For his part, McDonough from the Florida Office of Drug Control was surprised by the Scientologists' political zeal. "In the beginning, I didn't realize that this was a concerted effort to actually get through an ideological leaning that had to do with church dogma, in this case, the Church of Scientology, which denies that mental illness exists as a problem, that it can be diagnosed and treated -- when medical science is very clear and very well established on the subject: It does exist, and it can be diagnosed, and it can be treated."
Although both bills failed, a version of one of them did make it into Florida law. In May 2005, Gov. Bush signed legislation that prohibits schools from forcing children to take psychotropic drugs as a condition of going to school. The law allows teachers and school personnel to share observations with the parents about a student's behavior and to suggest outside help. "However," the law reads, "a public school teacher and school district personnel may not compel or attempt to compel any specific actions by the parent or require that a student take medication."

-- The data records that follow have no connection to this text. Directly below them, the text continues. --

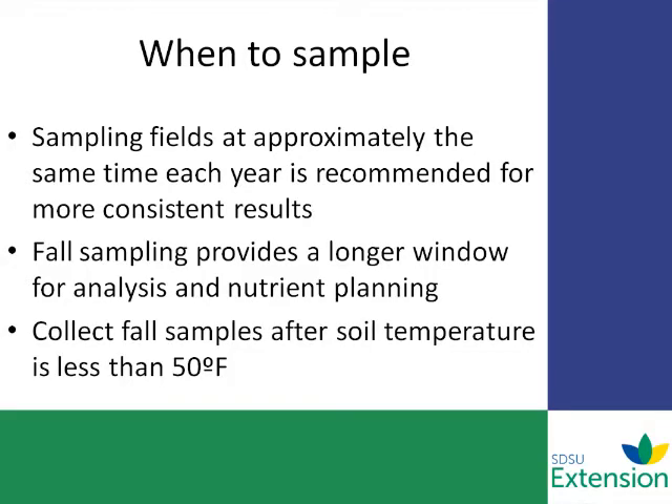You might be wondering, when do I take a sample? Sampling at approximately the same time each year helps get consistent results. You also want to sample in the fall — it gives you a longer window to sample and also gives you time to analyze those results and develop a fertilizer program. Collecting soil samples after soil temps are 50 degrees or below will reduce the amount of change in mineralization of nitrogen in the soil. Before any nitrogen-requiring crop, we suggest taking a sample.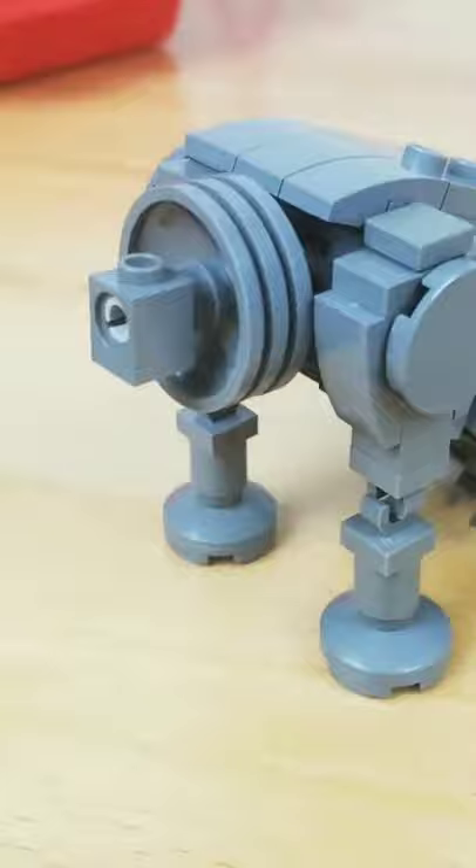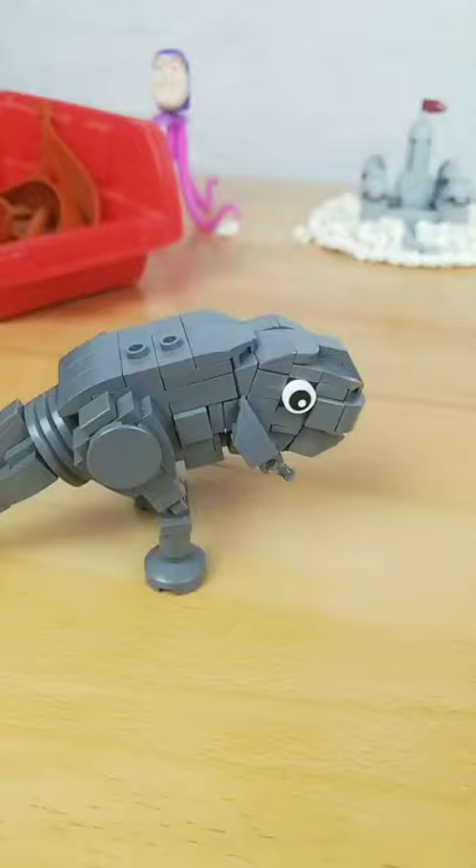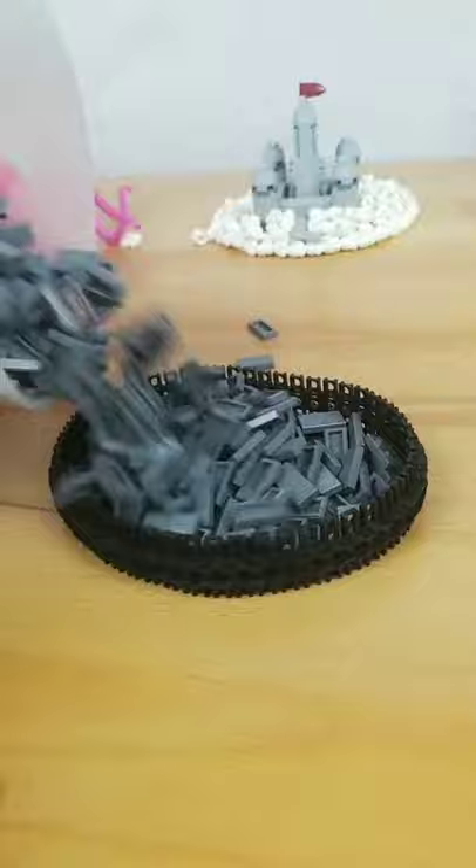Then it's time to add the butt. Then it grew a tail. Then we connect like a ton of treads, pour like a ton of gray parts — introducing my Lego Mandalorian Blurgmock.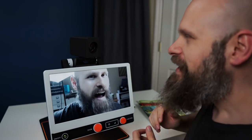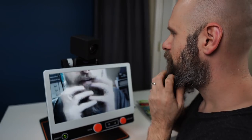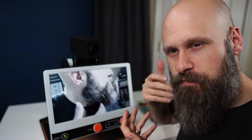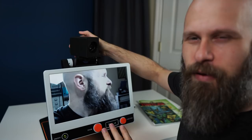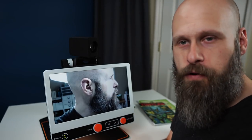We can even point the camera at ourselves. So I could use this to trim up my beard — which I actually do need to. I can angle it down a little bit. Someone could use this for putting on makeup, brushing their hair — tons of possibilities.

While CCHR brazenly hailed this concession as a victory for itself, the rule that schools couldn't compel a child to take medication was already cemented in federal law. In fact, President Bush signed it into law just last December, as part of the Individuals With Disabilities Education Act, after much lobbying by the CCHR and its cadre of celebrities. "It's basically a statement that nobody disagrees with," says Daughton, the Florida Psychiatric Society lobbyist.

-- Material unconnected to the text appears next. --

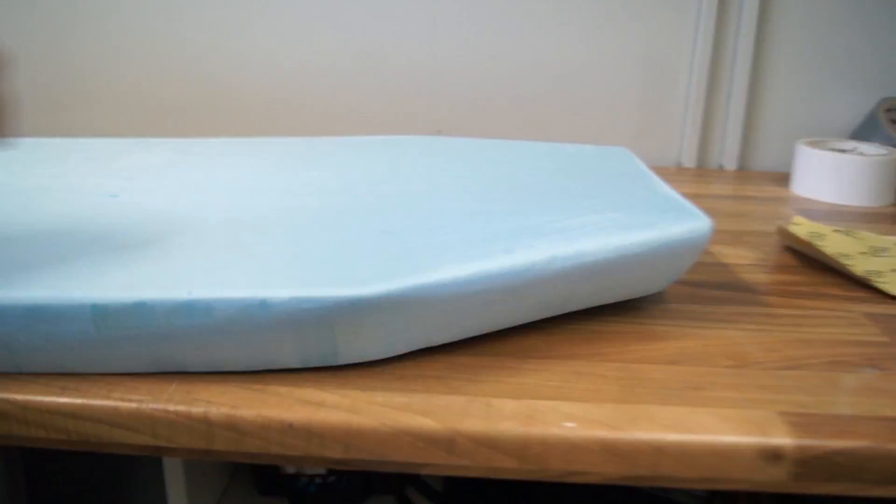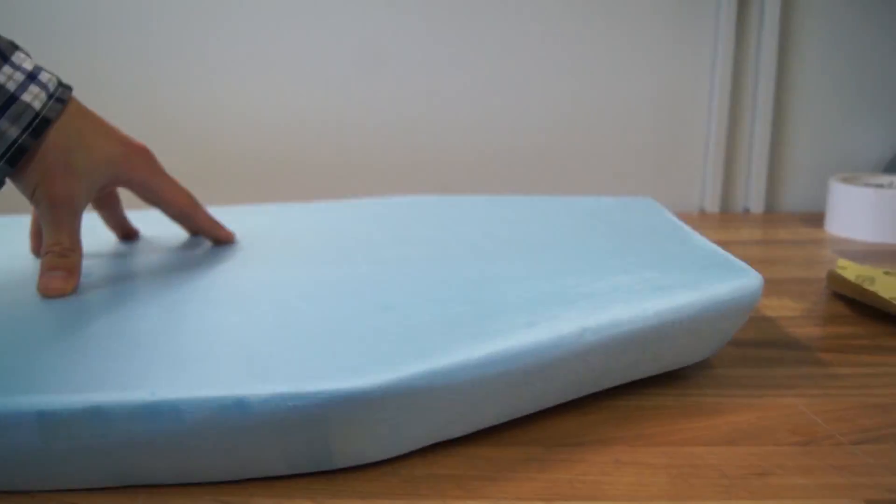Here's the progress of the airboat so far. I decided not to go with too aggressive of an angle because I know that can increase the risk of the airboat flipping over. What I'm going to do now is build the motor mount first, and then build the rudder and install all the electronics.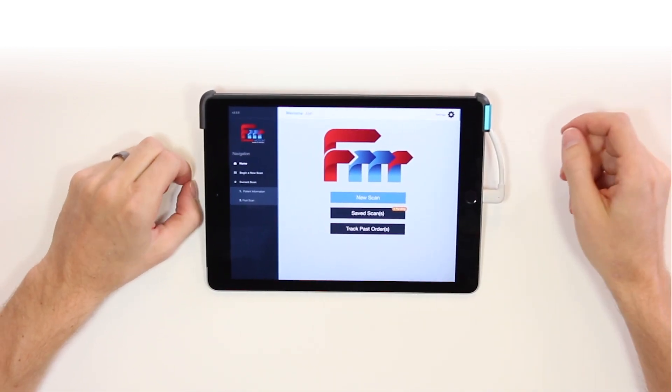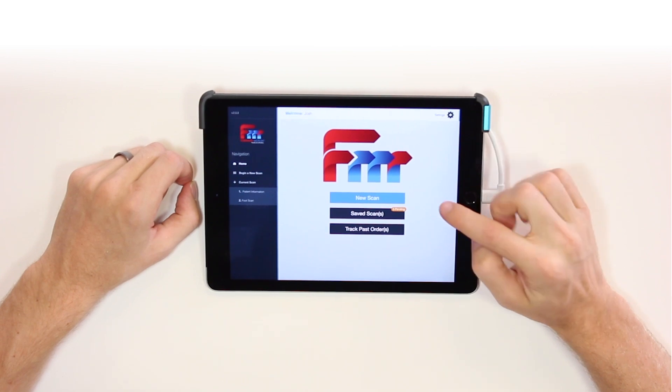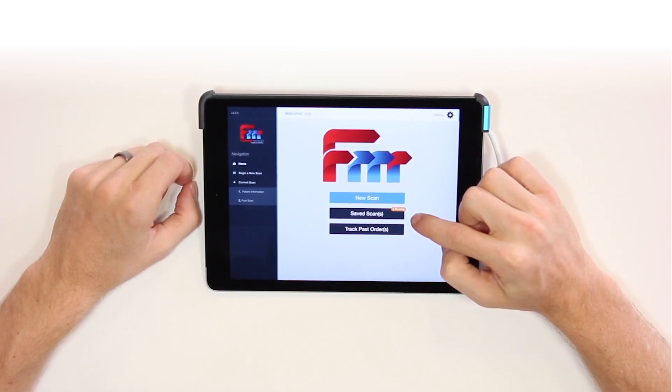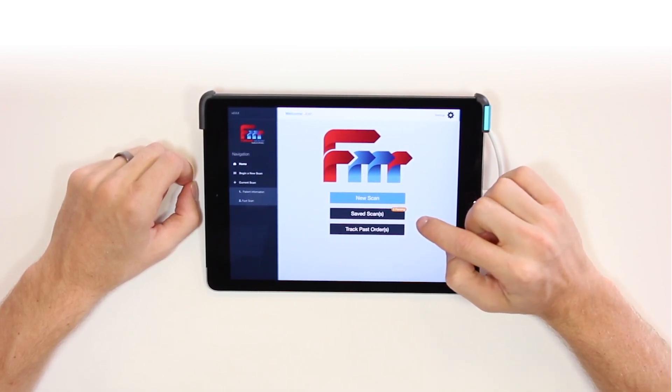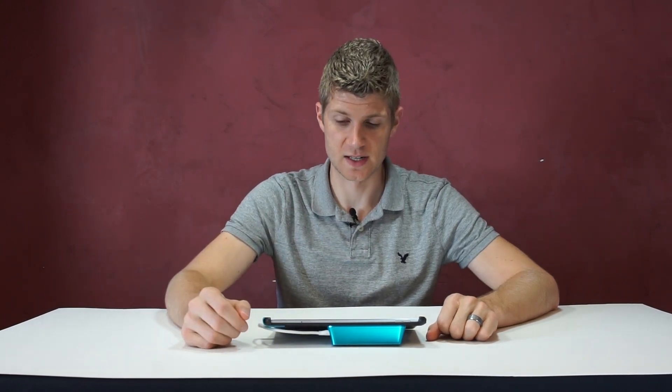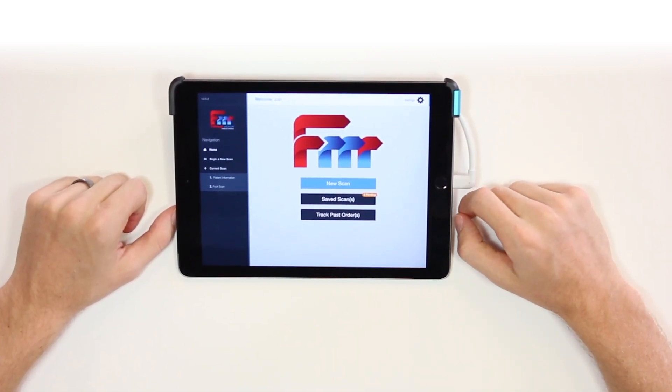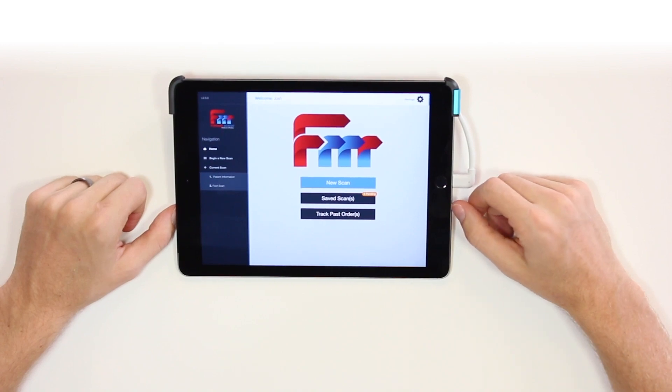When you open it up, it takes you to the home page. You have three options: new scan, saved scans, and track past order. New scan is obviously how we start a new scan. Saved scans is a folder that holds all the scans you've taken and all the scans you've sent, so if a patient is unsure if they want orthotics or you're waiting for insurance clearance, you can keep the scans on your iPad and send them when you're ready. The track past orders button logs you onto our database — it won't be active until you've sent your first scan and called in to get a username and password. It will show you where your orthotics are, give you tracking numbers for shipping, let you see PDFs of your prescription forms, and reorder second pairs.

Florida, however, isn't the end of the story. In Utah, CCHR has been pushing anti-psychiatry bills in the Legislature for the past two years. "This last session, they succeeded in criminalizing schoolteachers who would suggest to parents that their child get a psychological assessment," says Dr. Curt Canning, a psychiatrist in Logan, Utah, who is a spokesperson for the Utah Psychiatric Association. That crime would have been a misdemeanor, Canning says. This March, Utah Gov. Jon Huntsman Jr. vetoed the bill.
In New Hampshire, similar bills have sought to limit what teachers can and can't say about their perceptions of a child's mental health to parents, according to Michael Cohen, executive director of the National Alliance for the Mentally Ill in New Hampshire. "If you go around the country, you can see that the legislation is almost identical in every state," he says.